(Captioned web images)
◆ ◆ ◆ ◆ ◆ ◆ ◆

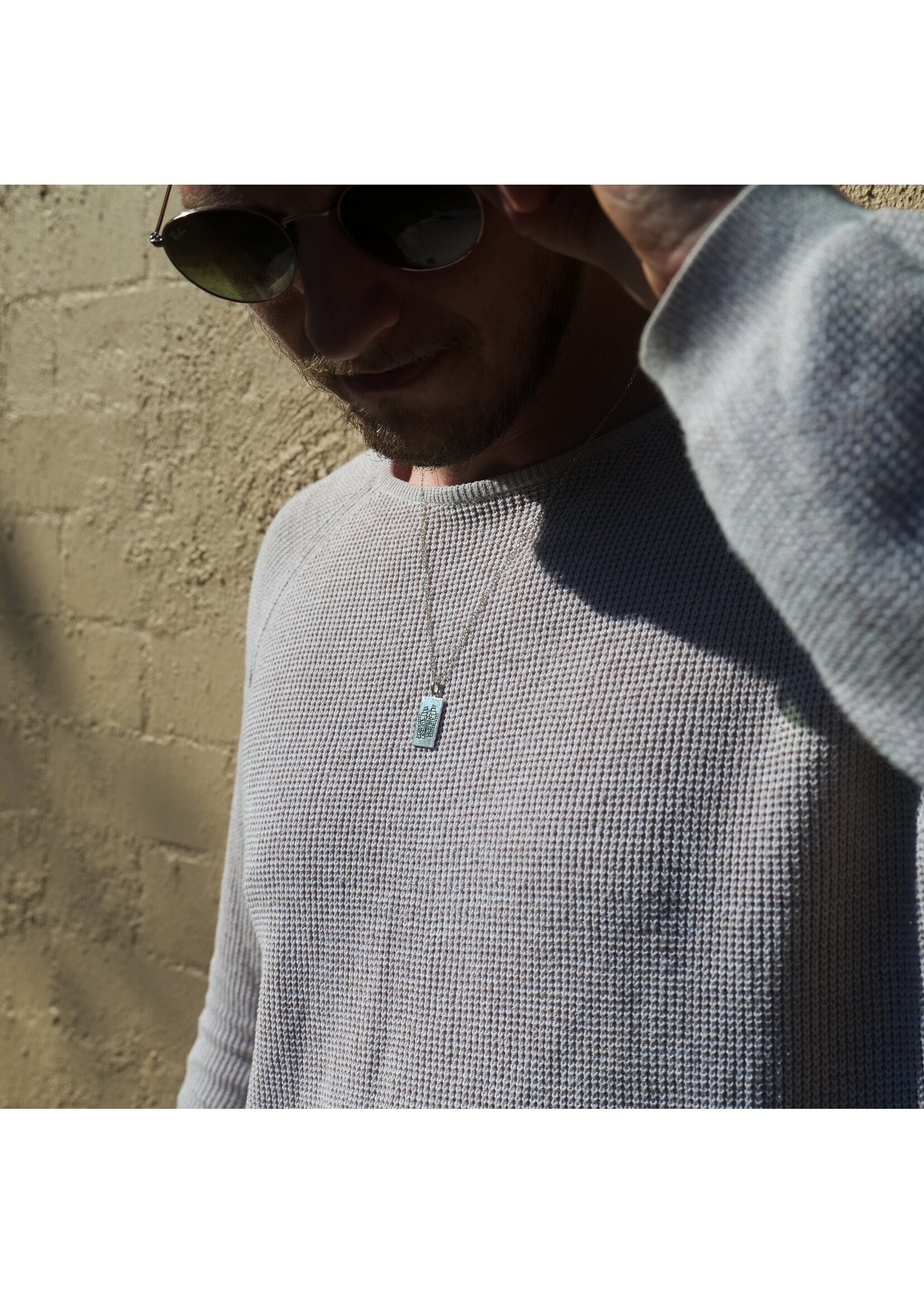 Fable Matter Fable Matter silver necklace the Aztec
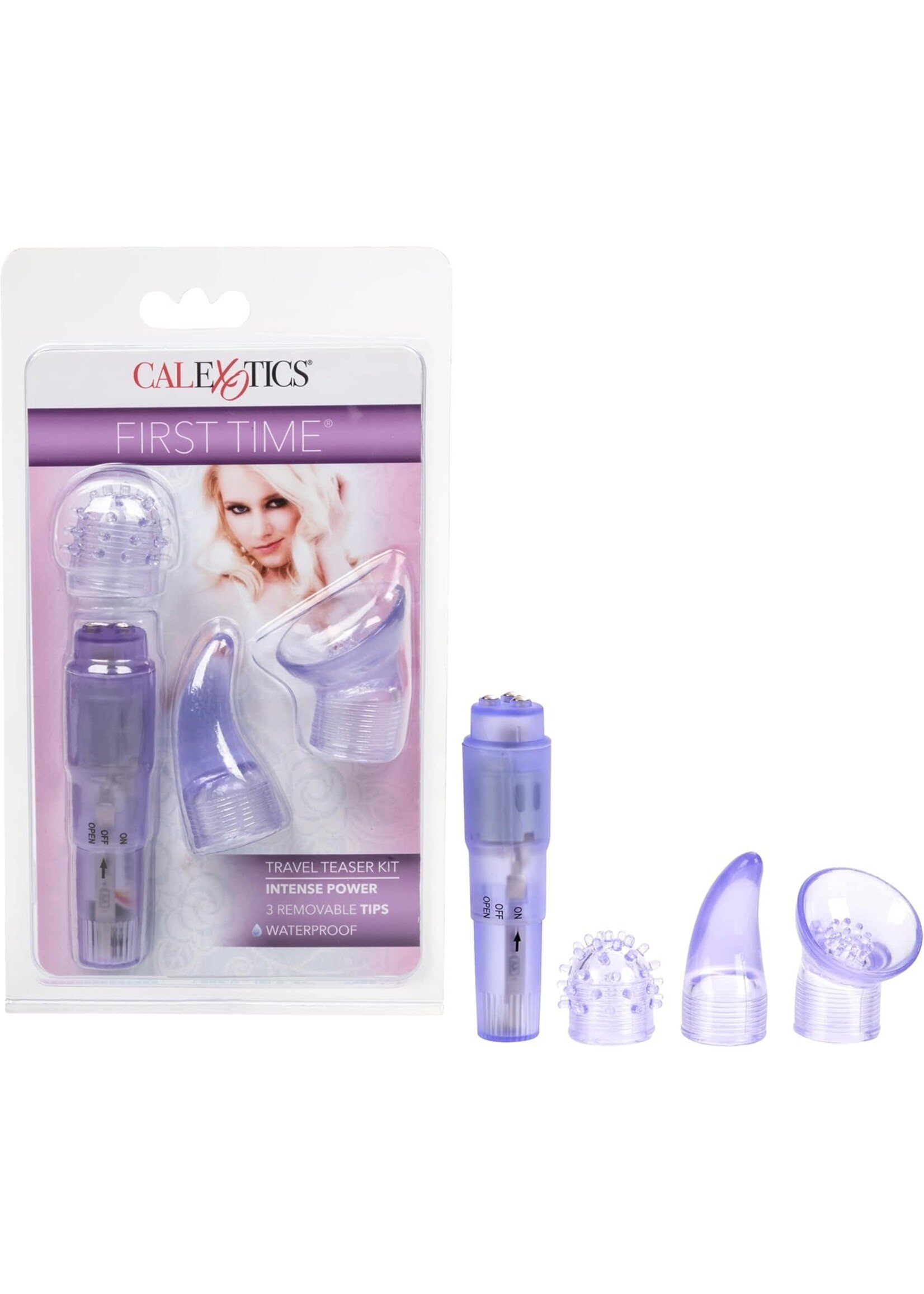 Calexotics First Time Travel Teaser Kit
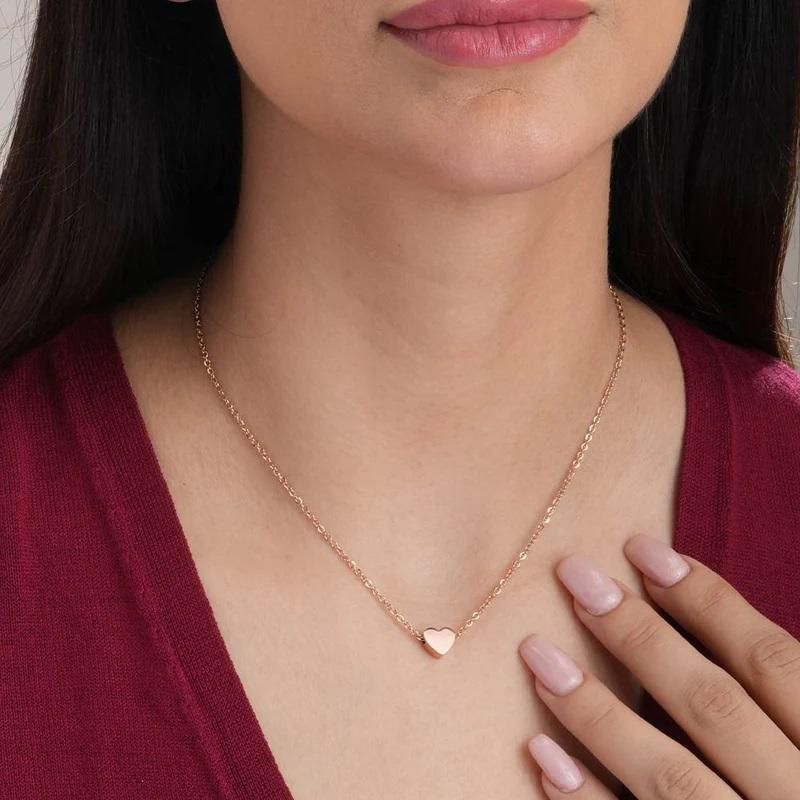 Palmonas Paris Heart Necklace Pack Of 2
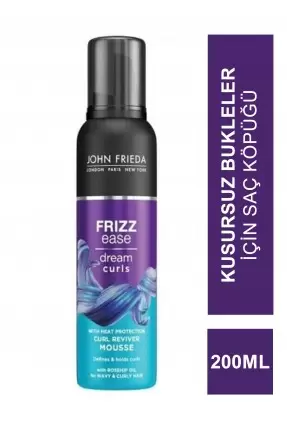 John Frieda Frizz Ease Dream Curls ( Kusursuz Bukleler İçin Saç Köpüğü ) 200 ml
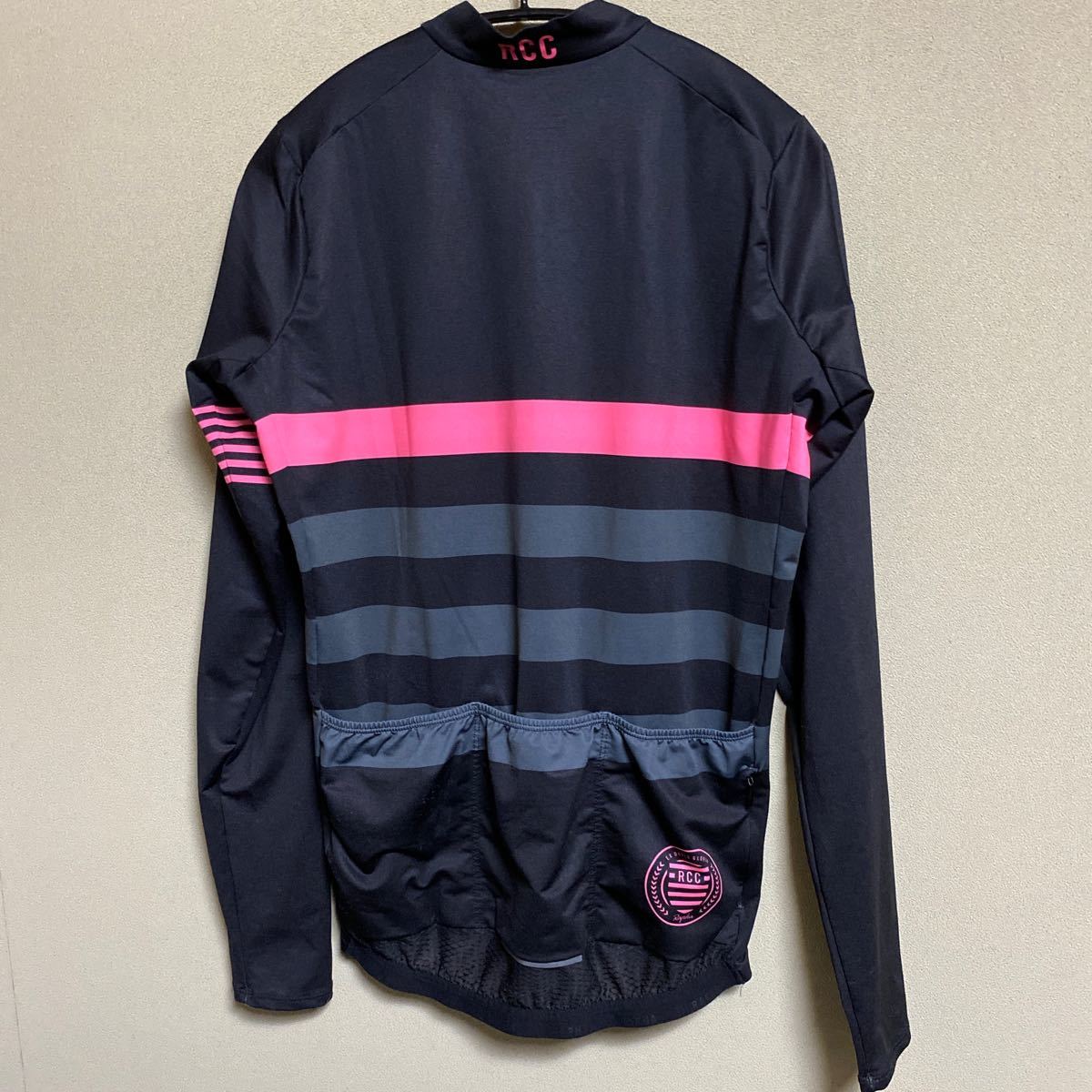 Rapha PRO TEAM LONG SLEEVE MIDWEIGHT JERSEY RCC 会員限定ジャージ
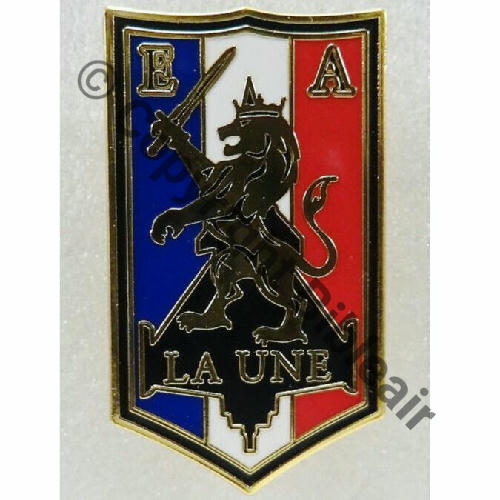 NH  ECOLE AIR PROMO EA.EMA 1e brigade  DUSEAUX Griffes et butees Dos irreg scintillant Src.cartonsenna 25EurInv 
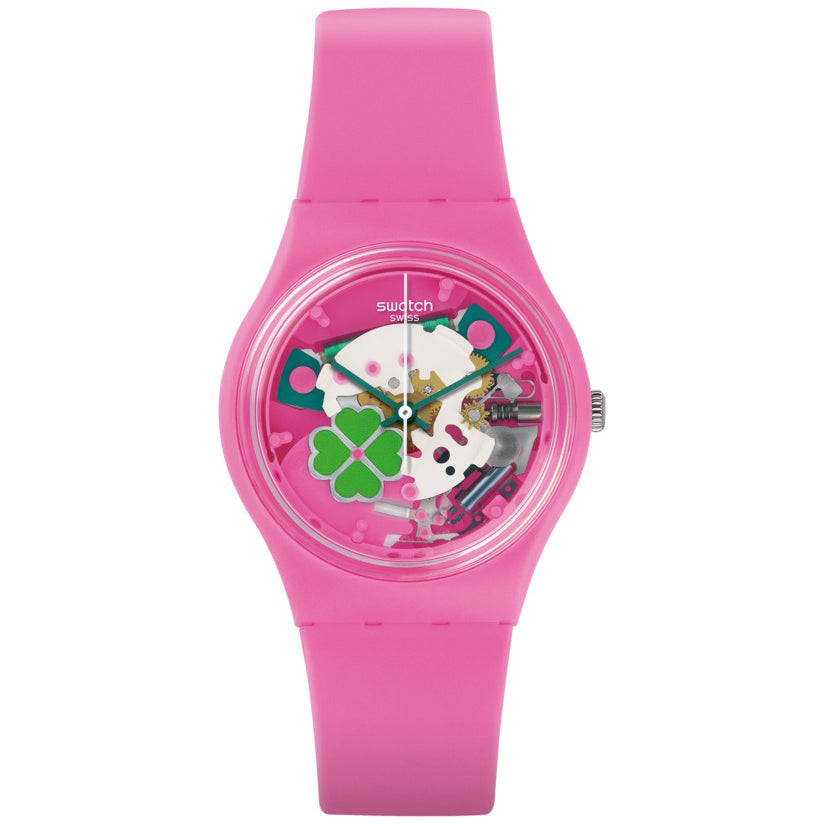 GP147 Reloj Swatch Flowerfull unisex correa de silicona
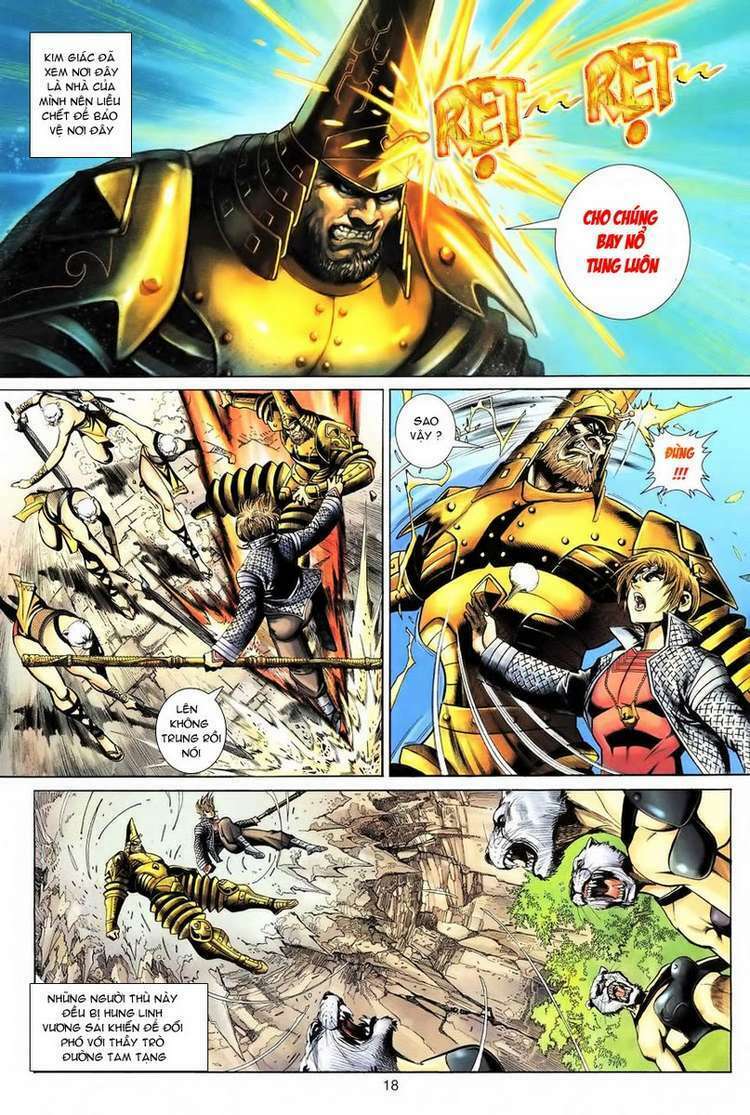 Đại Thánh Vương Chapter 70 - Trang 16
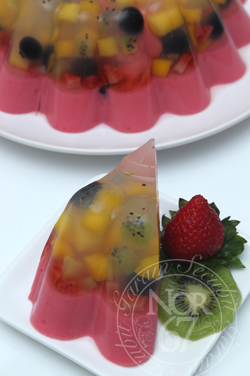 Secubit Garam Strawberry Frutti Crystal Pudding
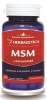 MSM +CURCUMIN95 30CPS VEGETALE, Herbagetica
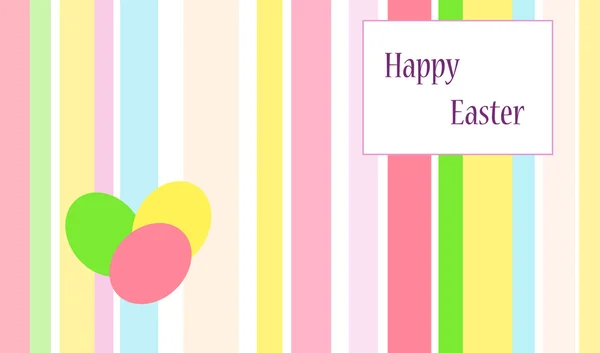 stock vector Happy easter background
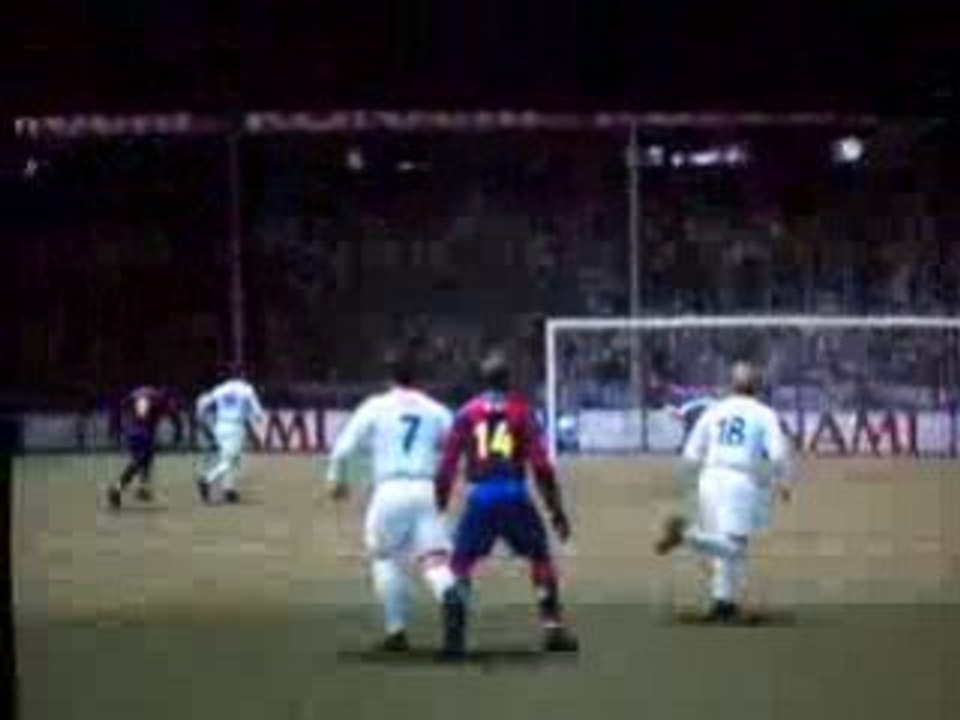 But PES 2008 Henry Barcelone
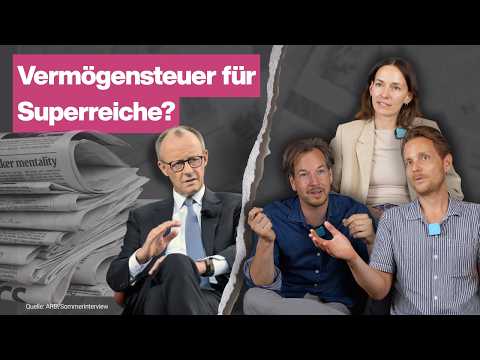 Video Thumbnail: Vermögensteuer: Ende der Ungleichheit oder Mittelstands-Albtraum?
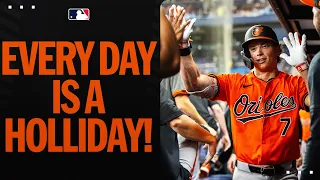 Jackson Holliday is HOT 4th HR in 6 games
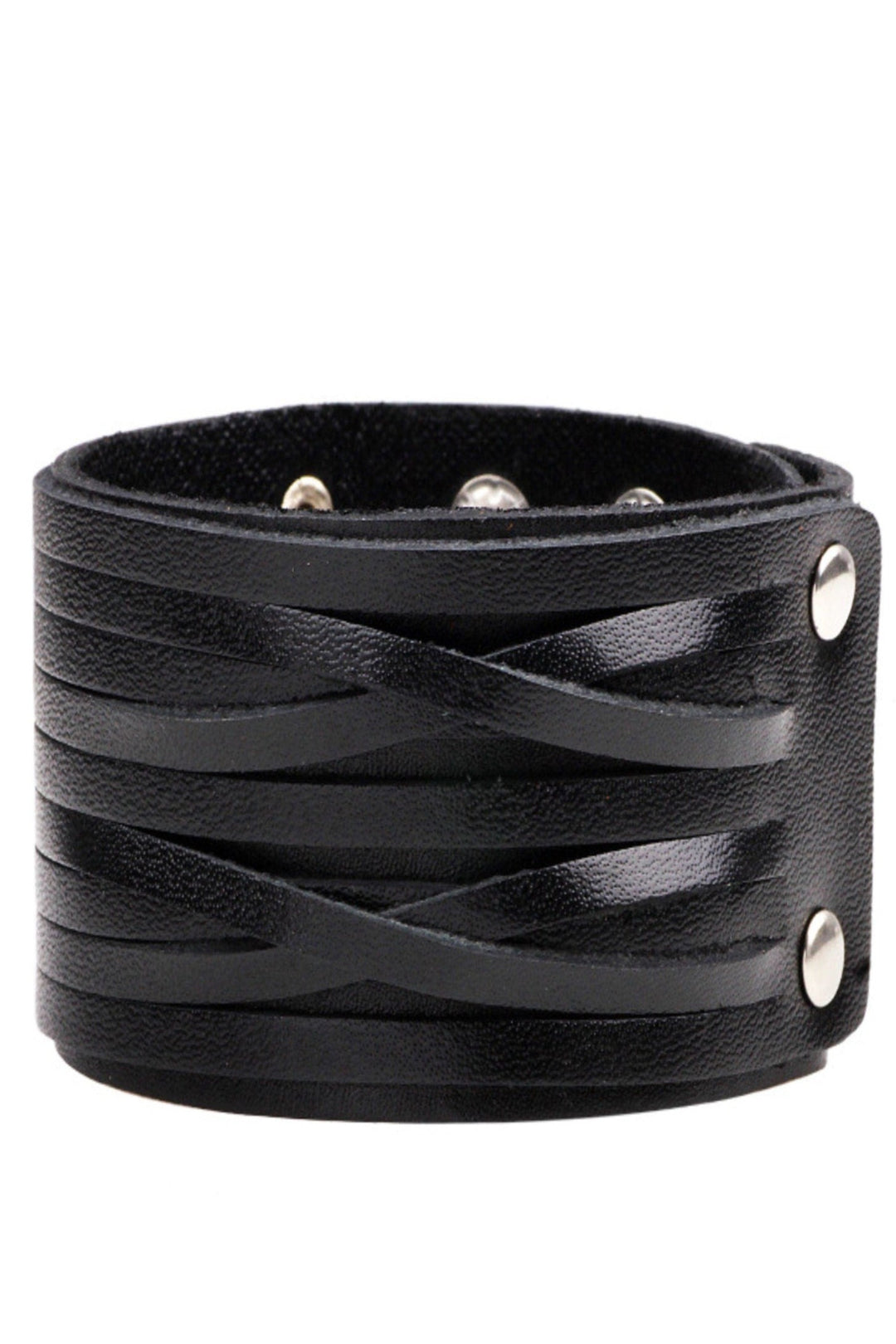 Genuine Leather Bracelet With Alloy Buckle Adjustable Unisex, Women, Men Bracelets (48 Hour Dispatch)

◆ ◆ ◆ ◆ ◆ ◆ ◆

• What the exercise asks
Set down exactly and only the lines from the line that contains "Đại Thánh Vương Chapter 70 - Trang 16" through the last line of the entries above, with both of those lines included and the pictures left out.

• Completed exercise
 Đại Thánh Vương Chapter 70 - Trang 16
 Secubit Garam Strawberry Frutti Crystal Pudding
 MSM +CURCUMIN95 30CPS VEGETALE, Herbagetica
 stock vector Happy easter background
 But PES 2008 Henry Barcelone
 Video Thumbnail: Vermögensteuer: Ende der Ungleichheit oder Mittelstands-Albtraum?
 Jackson Holliday is HOT 4th HR in 6 games
 Genuine Leather Bracelet With Alloy Buckle Adjustable Unisex, Women, Men Bracelets (48 Hour Dispatch)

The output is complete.